Include extra metadata with "info" objects

choldgraf commented 9 years ago

Hey all - I was trying to figure out if there's a way to store "extra" metadata with MNE objects, but it didn't seem like this is possible right now. For example, I tried adding some extra fields to the .info attribute dictionary-style, but these weren't written to disk when the object was saved.

In my case, I was doing this to try and store an extra "electrode information" object that had the x/y position for each electrode (for the purposes of plotting with the topographic layout from #1762). I know there's been some talk of adding ECoG functionality, and I think one challenge will be figuring out how to include the extra metadata that is often necessary for ecog (e.g., not only bad channels, but also bad timepoints, general location on the brain, whether an electrode was epileptic or not, etc).

Maybe the answer is just that people need to store this metadata separately and build objects around the MNE base classes, but I was curious what people thought about this before doing this myself.

larsoner commented 9 years ago

It wouldn't be a good idea to add new fields to the FIFF info struct because it will break compatibility with other tools that rely on the existing specification.

That being said, you do have some decent options.

Find the best place already in the info struct to store your data. For example, there is already an info['chs'][idx]['pos'] field that stores a position in 3-space in head coordinates. For the position use case you mention, you could store the coordinates and then map them down to 2D space for plotting in whatever way is most appropriate.
Store arbitrary extra information in one of the available existing string fields in the info dict. For example, the info['description'] field entry can accept any string (ASCII-encoded I think), which means that you could dump just about any data you really needed to in there. It's not elegant but it works. I already do something this for one of my datasets where I needed to reorder the channels because they were digitized out of order, so I store the reordering status and reordering index numbers in a string.
Roll your own arbitrary "extra information" format, as you describe, but use mne-python to do the annoying heavy lifting of data IO. We already have read_hdf5 and write_hdf5 functions that allow writing a pretty wide variety of python objects. Since HDF5 is a widely used standard, this should even be future compatible, and you could write your own MATLAB readers if you were so inclined. For example, you could do:
```
write_hdf5('data.hdf5', dict(brain_locs=['STS'] * 10 + ['PCG'] * 10, bad_times=np.array([0.1, 10.5]))
```
And then reading the data is as easy as data_dict = read_hdf5('data.hdf5').

Option 1) is generally better than options 2) or 3) when it's available. For the other specific cases you've brought up:

Bad timepoints -- this is really a pretty general epochs-info issue. The mne-python way of thinking about and storing timing-related data is through events files. I'd start there. You can store e.g. epileptic onset times as events, and then epoch using that. If you want to reject trials on that basis (instead of epoching based on the events), we should come up with an API for this use case. There are other use cases where e.g. a subject was observed to be moving where it would be nice to be able to incorporate manual "bad time" marking and include it in epoch rejection.
General location on the brain.

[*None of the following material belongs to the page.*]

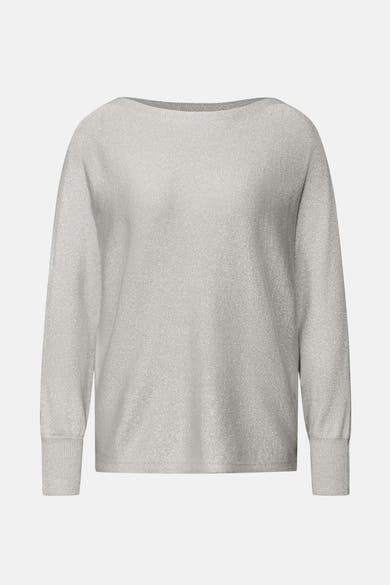 Top uni manches longues argenté de Street One, avec texture brillante.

You mean like chs 1-10 are over STS, 11-20 are over the central gyrus, etc.? I'd have to think harder about this. I'm not sure if there is a way of adding a comment to each channel, I'd have to dig into the code a bit... same with whether or not an electrode was epileptic. I'm inclined to think the *_hdf5 functions are best suited for this, since it seems pretty specific to ECoG. Alternatively, we could write a function that took a subject structural, channel position, and a head<->MRI trans and mapped the electrode position down onto the brain, and told you the label you were over...? This wouldn't help your "epileptic electrode" marking use case, though.

choldgraf commented 9 years ago

Wow - lots of great ideas in that reply, thanks very much :)

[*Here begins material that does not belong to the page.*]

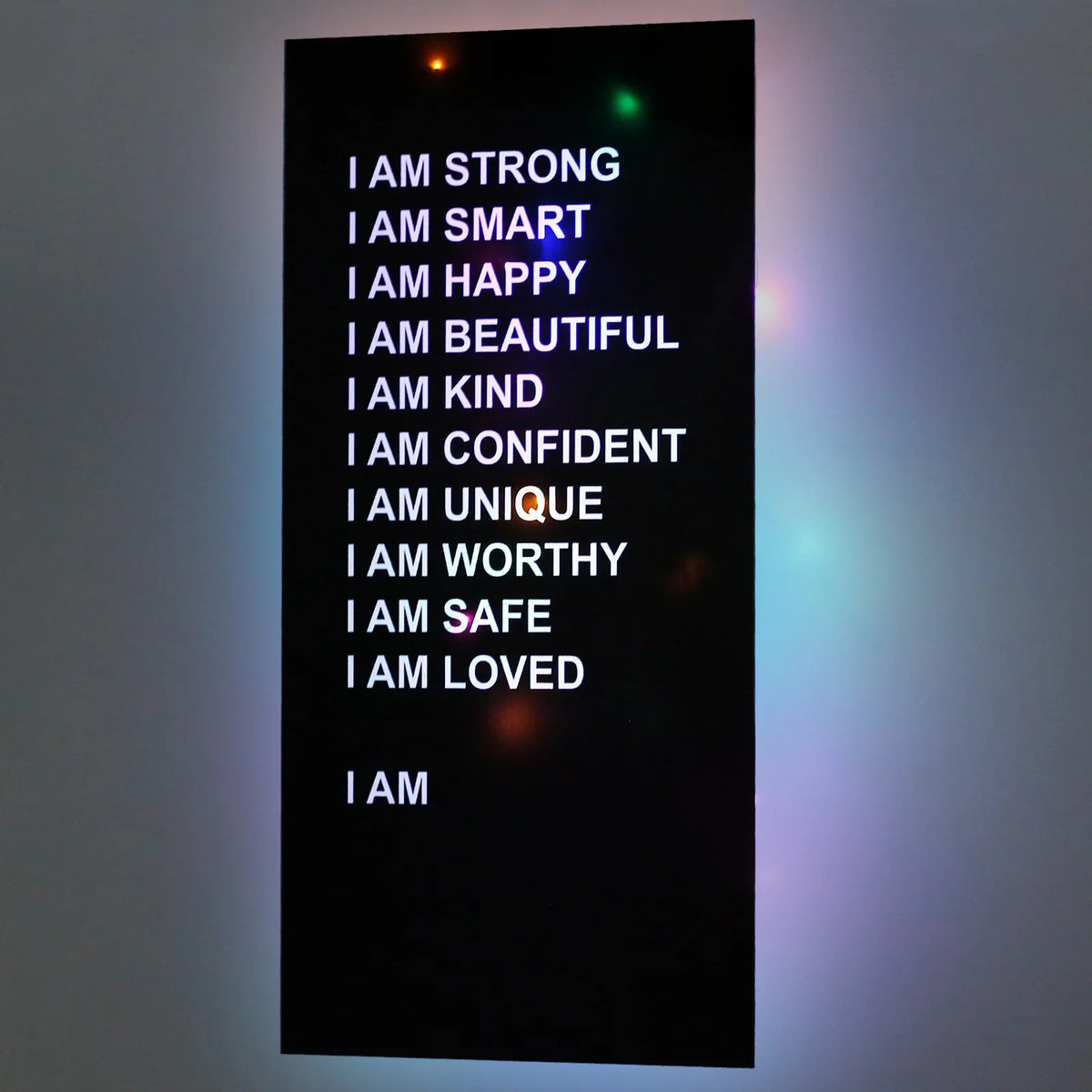 Affirmations Mirror with Colorful LED String Lights | Acrylic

OK, regarding 1, that's a good idea, I hadn't pried into the info object too much and didn't find a ton of documentation on it. It looks like I was falsely assuming that it was just a glorified dictionary of arrays/lists. I'll look into this more.

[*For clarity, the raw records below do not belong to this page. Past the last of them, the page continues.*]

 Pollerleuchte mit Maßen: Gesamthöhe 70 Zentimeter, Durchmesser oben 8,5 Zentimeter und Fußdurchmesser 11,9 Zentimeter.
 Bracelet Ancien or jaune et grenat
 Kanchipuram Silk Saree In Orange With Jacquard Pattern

Regarding electrode location stuff - I wonder if it would be possible to just create 2-D images from MRI data and 3-D electrode location data (aka, just project the electrodes onto the brain, then take a snapshot and return the 2-d locations of the electrodes). It might be easier than storing separate 2-D data and pictures. Regarding localizing electrodes to anatomic locations, the reason I want custom labels is because I almost never use standardized brains for my plots (I personally don't trust the ECoG electrode locations already, so I'm even less inclined to force them onto an MNI brain or something). This would make it quite difficult to automatically determine the anatomy of electrodes, no?

I like the ideas behind 2 and 3, though you're right, they both seem a little bit hacky. I can try serializing everything and putting it in the description field, though I'm worried that this will become a black hole for me (I just had a premonition of a future where I'm storing hundreds of sklearn objects as a pickle string in there >:) ). If enough people are using this, why not just create an extra field of the info structure, and require that whatever is inside be pickleable?

Roll your own arbitrary "extra information" format, as you describe, but use mne-python to do the annoying heavy lifting of data IO

I agree that the I/O heavy lifting is a PITA. Right now I have my own classes that export to HDF5 and store data parameters as attributes, but it would be much better to have a more general system that uses MNE under the hood. I will look into the read_hdf5 functions and see how they work. Thus far I've kept data formats in my own sub-optimal codebase setup, but perhaps it's time for a rewrite.

General location on the brain. You mean like chs 1-10 are over STS, 11-20 are over the central gyrus, etc.? I'd have to think harder about this.

What I'm doing right now is basically storing a CSV file with each dataset. Rows of the CSV are electrodes, and columns are electrode properties. Then, I store arbitrary information in this CSV, so things like bad electrodes, epileptic electrodes, xy positions, etc. It is useful for dealing with the quirky and unique nature of many ecog datasets, but can also be cumbersome if you want to standardize things across lots of datasets.

larsoner commented 9 years ago

I think a 3D-electrode data + MRI -> 2D image mapping function would be pretty cool / generally useful. +1 for (you) adding that :)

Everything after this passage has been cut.